Las ventajas e inconvenientes

Tu hijo ronca, respira siempre por la boca, sufre infecciones de las vías respiratorias altas con mucha frecuencia. Si este es el caso, el pediatra estudiará la conveniencia de extirpar sus vegetaciones. La operación puede incluir o no las amígdalas. 

 
médico con niño

Las vegetaciones junto con las amígdalas cumplen la importante misión de defendernos frente a las infecciones. Los adenoides o vegetaciones se sitúan en la parte posterior de la cavidad nasal, donde las vías respiratorias nasales limitan con la garganta. Las amígdalas, ubicadas en la parte baja de la garganta, completan esta barrera protectora, llamada en su conjunto anillo de Waldeyer. El problema surge cuando estas estructuras, en principio destinadas a combatir patologías respiratorias, aumentan de tamaño, obstruyen la respiración y ocasionan más trastornos que protección. 

Más grandes

De forma natural, las vegetaciones y amígdalas son más grandes durante la pequeña infancia y disminuyen con la edad. Su tamaño también puede verse aumentado cuando se infectan. Los niños que padecen constipados de repetición suelen tener amígdalas y adenoides hipertrofiados casi de forma continuada, favoreciendo nuevas infecciones de las vías respiratorias altas como sinusitis, otitis, rinorrea o faringitis. Estos no son los únicos trastornos asociados aunque son los que más alteran el día a día del niño. Con amígdalas o vegetaciones hipertrofiadas, el pequeño respira con la boca abierta, ronca y duerme mal lo que perjudica su descanso y tiene efectos en su ganancia de peso y talla y su conducta. El niño es irritable y le cuesta centrar su atención lo que repercute en su rendimiento escolar.

Cuándo operar

Antes de tomar la decisión de operar, el pediatra y el otorrinolaringólogo evaluarán la situación. Hoy en día, los médicos son más conservadores que los de antaño.
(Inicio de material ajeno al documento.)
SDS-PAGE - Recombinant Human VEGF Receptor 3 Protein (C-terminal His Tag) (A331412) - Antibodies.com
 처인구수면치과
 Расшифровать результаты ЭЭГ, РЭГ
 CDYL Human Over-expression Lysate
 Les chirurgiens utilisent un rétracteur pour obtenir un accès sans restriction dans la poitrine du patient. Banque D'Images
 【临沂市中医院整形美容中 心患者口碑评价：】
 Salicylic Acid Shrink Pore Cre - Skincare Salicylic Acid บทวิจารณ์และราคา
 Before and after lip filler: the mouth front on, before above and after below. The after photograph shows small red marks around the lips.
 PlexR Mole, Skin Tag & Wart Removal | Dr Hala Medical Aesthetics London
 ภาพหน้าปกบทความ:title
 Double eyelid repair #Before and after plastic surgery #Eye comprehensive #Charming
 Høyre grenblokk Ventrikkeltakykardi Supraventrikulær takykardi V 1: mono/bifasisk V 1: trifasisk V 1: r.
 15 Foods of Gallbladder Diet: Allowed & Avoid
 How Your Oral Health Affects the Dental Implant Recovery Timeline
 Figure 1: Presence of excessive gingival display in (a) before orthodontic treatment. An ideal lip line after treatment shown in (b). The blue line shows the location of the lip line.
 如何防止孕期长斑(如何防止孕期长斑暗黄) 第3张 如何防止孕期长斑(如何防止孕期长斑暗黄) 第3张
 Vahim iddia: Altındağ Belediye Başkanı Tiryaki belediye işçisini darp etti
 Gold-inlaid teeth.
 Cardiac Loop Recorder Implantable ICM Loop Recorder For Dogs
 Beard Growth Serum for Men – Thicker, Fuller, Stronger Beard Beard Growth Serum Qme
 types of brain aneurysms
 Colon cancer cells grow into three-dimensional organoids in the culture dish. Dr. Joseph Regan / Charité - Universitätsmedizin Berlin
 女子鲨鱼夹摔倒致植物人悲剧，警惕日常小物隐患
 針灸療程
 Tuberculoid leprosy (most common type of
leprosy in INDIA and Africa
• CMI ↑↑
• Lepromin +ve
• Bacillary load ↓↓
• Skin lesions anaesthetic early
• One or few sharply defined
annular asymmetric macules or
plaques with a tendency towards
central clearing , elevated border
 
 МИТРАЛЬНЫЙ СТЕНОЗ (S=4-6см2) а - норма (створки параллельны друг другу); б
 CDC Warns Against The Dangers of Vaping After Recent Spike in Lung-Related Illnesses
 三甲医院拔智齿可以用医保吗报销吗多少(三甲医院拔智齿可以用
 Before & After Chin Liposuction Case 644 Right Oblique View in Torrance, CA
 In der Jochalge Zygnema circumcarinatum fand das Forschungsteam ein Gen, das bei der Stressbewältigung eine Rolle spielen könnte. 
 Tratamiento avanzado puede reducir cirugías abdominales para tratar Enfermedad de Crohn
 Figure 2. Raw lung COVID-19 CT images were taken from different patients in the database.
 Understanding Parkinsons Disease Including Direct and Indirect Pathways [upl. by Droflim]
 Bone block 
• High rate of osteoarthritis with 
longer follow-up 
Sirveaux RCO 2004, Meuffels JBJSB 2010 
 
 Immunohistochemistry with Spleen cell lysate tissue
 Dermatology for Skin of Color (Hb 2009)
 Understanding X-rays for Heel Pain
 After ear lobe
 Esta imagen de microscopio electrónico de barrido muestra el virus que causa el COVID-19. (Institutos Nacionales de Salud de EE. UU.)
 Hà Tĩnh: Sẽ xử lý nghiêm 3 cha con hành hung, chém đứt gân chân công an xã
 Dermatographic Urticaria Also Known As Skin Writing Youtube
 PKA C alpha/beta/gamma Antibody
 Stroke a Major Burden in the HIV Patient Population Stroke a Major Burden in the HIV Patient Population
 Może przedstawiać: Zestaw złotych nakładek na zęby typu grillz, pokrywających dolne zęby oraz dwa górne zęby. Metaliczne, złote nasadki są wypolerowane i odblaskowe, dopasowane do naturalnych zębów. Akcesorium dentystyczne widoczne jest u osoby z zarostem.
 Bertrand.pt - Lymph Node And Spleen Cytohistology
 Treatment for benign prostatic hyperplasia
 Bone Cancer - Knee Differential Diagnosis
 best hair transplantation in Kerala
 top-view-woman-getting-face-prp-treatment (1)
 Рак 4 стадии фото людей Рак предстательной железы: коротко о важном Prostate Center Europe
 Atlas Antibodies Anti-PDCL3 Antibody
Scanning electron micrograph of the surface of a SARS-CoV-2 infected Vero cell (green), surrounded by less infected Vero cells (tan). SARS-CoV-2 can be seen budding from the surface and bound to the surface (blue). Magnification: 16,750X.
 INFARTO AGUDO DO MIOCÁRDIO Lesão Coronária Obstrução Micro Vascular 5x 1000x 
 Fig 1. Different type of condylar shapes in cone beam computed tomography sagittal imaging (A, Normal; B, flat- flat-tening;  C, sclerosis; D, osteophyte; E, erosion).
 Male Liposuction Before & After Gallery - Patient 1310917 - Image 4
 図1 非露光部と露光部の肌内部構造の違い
Pero si mantenerlas crea más daño que ventajas como catarros continuos, otitis de repetición, apnea del sueño, faringoamigdalitis graves, infecciones recurrentes con más de siete episodios al año, se aconsejará extirpar una o ambas estructuras. En lo referente a las vegetaciones, no se suele recomendar hacerlo antes de los 4 años ya que entre los 4 y los 6 años, pueden reducir de tamaño o desaparecer. Lo mismo ocurre con las amígdalas, que se hacen más pequeñas a medida que va cumpliendo años.

La intervención es sencilla. Se realiza con anestesia general y el niño permanecerá en el hospital varias horas antes de irse a casa.